Un décollage chiffré
Entre le 1er et le 24 décembre, l’administration enregistre 54 207 factures normalisées émises, un volume significatif pour une phase de lancement. Ce mouvement est porté par 3 289 contribuables, dont plus de 2 200 ont déjà un compte e-UF pleinement fonctionnel. Parallèlement, près de 1 000 entreprises sont engagées dans l’homologation de leurs logiciels, une étape technique cruciale.
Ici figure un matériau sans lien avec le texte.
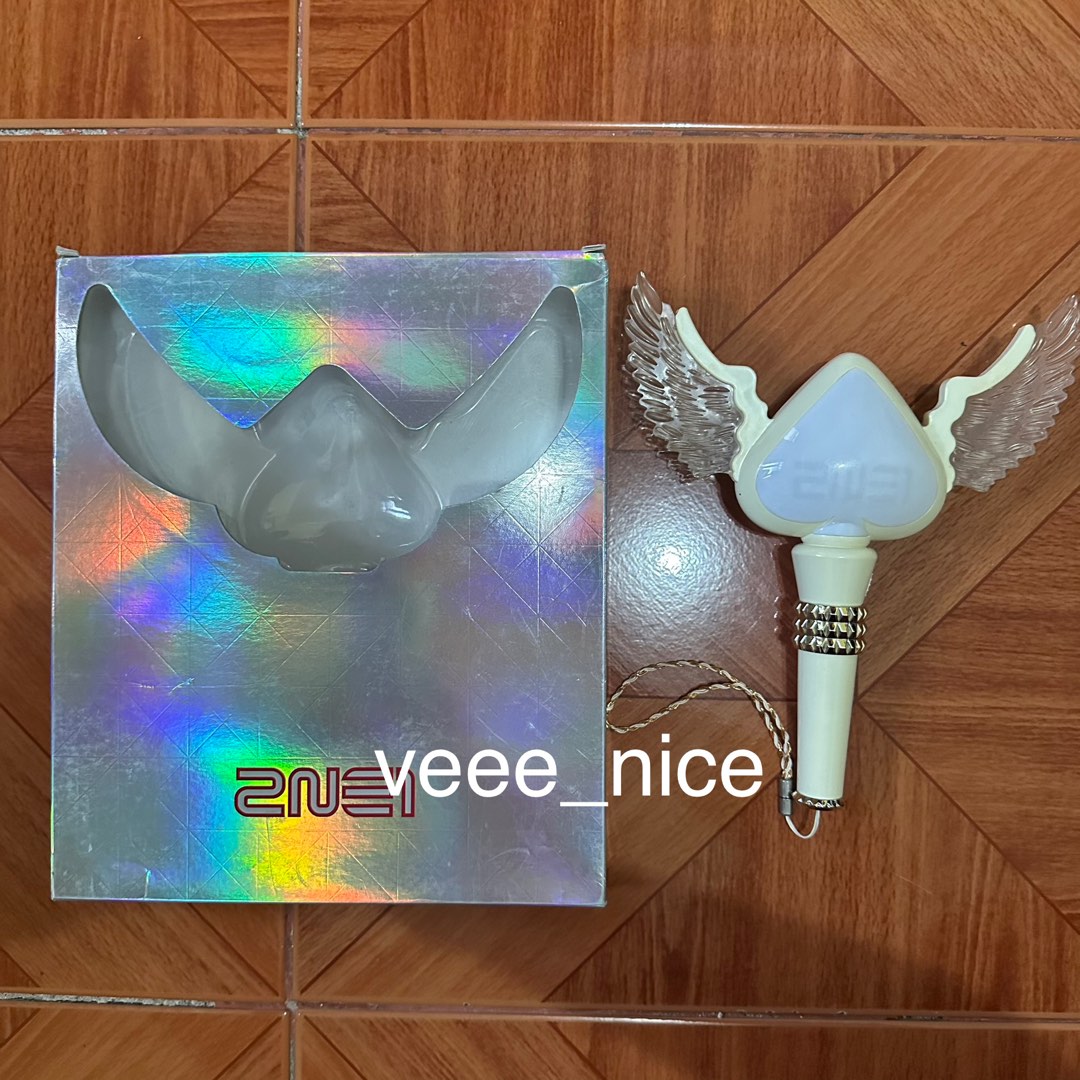 2NE1 Lightstick ver 2 on Carousell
Le mur des réalités opérationnelles
Cet « engouement », selon les termes du bilan, a paradoxalement révélé les premières faiblesses du dispositif. L’afflux des demandes a saturé les capacités de traitement, entraînant des délais d’activation et des retards dans les homologations. Cette friction a obligé le ministre des Finances, Doudou Fwamba, à une réunion de crise avec la FEC le 11 décembre, aboutissant à la création d’une commission ad hoc.
Entre confiance et efficacité
La réussite de la FACNO, réforme-phare du gouvernement, repose sur un équilibre fragile. Elle doit maintenir l’adhésion des entreprises – prouvée par les premiers chiffres – tout en fluidifiant rapidement ses processus sous peine de créer un goulot d’étranglement contre-productif. La dérogation permettant une homologation partielle est un premier correctif. La capacité de la nouvelle commission à apporter des solutions tangibles sera le prochain test de crédibilité pour cette transition fiscale majeure.